# PROVIDED INFORMATION
=== Section Start ===

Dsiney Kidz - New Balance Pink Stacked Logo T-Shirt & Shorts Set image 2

=== Section End ===
=== Section Start ===

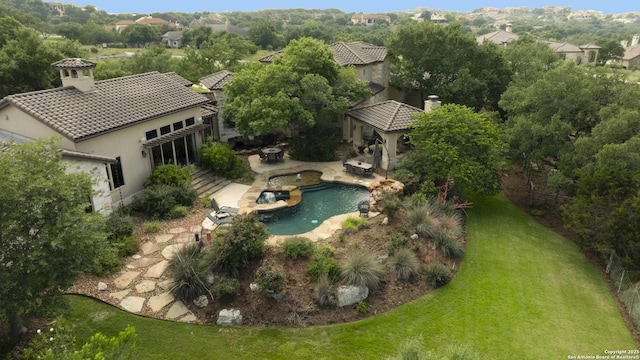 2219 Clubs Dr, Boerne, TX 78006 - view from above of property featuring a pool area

=== Section End ===
=== Section Start ===

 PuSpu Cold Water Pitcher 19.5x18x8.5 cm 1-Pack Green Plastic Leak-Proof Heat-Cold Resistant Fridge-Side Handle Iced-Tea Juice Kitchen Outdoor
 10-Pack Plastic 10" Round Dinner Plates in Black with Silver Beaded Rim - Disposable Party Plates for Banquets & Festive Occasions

=== Section End ===

# WHAT THIS TASK INVOLVES
Which lines of the data above contain the string "Pack"? Copy each of them.

# RESPONSE
 PuSpu Cold Water Pitcher 19.5x18x8.5 cm 1-Pack Green Plastic Leak-Proof Heat-Cold Resistant Fridge-Side Handle Iced-Tea Juice Kitchen Outdoor
 10-Pack Plastic 10" Round Dinner Plates in Black with Silver Beaded Rim - Disposable Party Plates for Banquets & Festive Occasions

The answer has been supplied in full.